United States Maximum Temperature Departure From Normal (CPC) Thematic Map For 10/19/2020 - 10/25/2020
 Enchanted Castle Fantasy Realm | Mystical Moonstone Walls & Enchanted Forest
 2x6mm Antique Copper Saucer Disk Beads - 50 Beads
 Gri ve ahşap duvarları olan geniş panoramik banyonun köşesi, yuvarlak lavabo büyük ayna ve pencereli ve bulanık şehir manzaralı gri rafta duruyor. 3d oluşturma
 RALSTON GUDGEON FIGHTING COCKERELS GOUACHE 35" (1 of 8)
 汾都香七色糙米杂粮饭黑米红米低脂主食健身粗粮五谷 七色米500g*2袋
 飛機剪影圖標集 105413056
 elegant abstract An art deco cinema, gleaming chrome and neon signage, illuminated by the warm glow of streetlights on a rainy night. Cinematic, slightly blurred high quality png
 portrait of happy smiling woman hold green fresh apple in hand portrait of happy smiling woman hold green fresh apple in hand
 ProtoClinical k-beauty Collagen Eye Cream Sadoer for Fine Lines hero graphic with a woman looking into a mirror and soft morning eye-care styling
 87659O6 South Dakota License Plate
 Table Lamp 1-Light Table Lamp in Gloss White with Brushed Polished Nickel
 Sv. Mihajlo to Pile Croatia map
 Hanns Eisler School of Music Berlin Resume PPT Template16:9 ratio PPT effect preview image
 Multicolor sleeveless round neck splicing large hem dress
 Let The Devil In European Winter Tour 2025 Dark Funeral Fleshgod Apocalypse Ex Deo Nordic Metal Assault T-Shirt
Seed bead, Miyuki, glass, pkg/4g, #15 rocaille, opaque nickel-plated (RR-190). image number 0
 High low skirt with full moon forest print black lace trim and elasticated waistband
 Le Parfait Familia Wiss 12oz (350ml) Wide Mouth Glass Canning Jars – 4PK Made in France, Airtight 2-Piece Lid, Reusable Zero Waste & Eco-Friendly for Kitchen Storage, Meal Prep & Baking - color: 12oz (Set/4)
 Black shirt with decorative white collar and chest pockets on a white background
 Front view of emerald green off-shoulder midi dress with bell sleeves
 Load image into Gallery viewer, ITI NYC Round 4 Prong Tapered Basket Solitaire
_ _ _ _
Exercise description –
From the data above, copy each line exactly.

Answer space –
United States Maximum Temperature Departure From Normal (CPC) Thematic Map For 10/19/2020 - 10/25/2020
 Enchanted Castle Fantasy Realm | Mystical Moonstone Walls & Enchanted Forest
 2x6mm Antique Copper Saucer Disk Beads - 50 Beads
 Gri ve ahşap duvarları olan geniş panoramik banyonun köşesi, yuvarlak lavabo büyük ayna ve pencereli ve bulanık şehir manzaralı gri rafta duruyor. 3d oluşturma
 RALSTON GUDGEON FIGHTING COCKERELS GOUACHE 35" (1 of 8)
 汾都香七色糙米杂粮饭黑米红米低脂主食健身粗粮五谷 七色米500g*2袋
 飛機剪影圖標集 105413056
 elegant abstract An art deco cinema, gleaming chrome and neon signage, illuminated by the warm glow of streetlights on a rainy night. Cinematic, slightly blurred high quality png
 portrait of happy smiling woman hold green fresh apple in hand portrait of happy smiling woman hold green fresh apple in hand
 ProtoClinical k-beauty Collagen Eye Cream Sadoer for Fine Lines hero graphic with a woman looking into a mirror and soft morning eye-care styling
 87659O6 South Dakota License Plate
 Table Lamp 1-Light Table Lamp in Gloss White with Brushed Polished Nickel
 Sv. Mihajlo to Pile Croatia map
 Hanns Eisler School of Music Berlin Resume PPT Template16:9 ratio PPT effect preview image
 Multicolor sleeveless round neck splicing large hem dress
 Let The Devil In European Winter Tour 2025 Dark Funeral Fleshgod Apocalypse Ex Deo Nordic Metal Assault T-Shirt
Seed bead, Miyuki, glass, pkg/4g, #15 rocaille, opaque nickel-plated (RR-190). image number 0
 High low skirt with full moon forest print black lace trim and elasticated waistband
 Le Parfait Familia Wiss 12oz (350ml) Wide Mouth Glass Canning Jars – 4PK Made in France, Airtight 2-Piece Lid, Reusable Zero Waste & Eco-Friendly for Kitchen Storage, Meal Prep & Baking - color: 12oz (Set/4)
 Black shirt with decorative white collar and chest pockets on a white background
 Front view of emerald green off-shoulder midi dress with bell sleeves
 Load image into Gallery viewer, ITI NYC Round 4 Prong Tapered Basket Solitaire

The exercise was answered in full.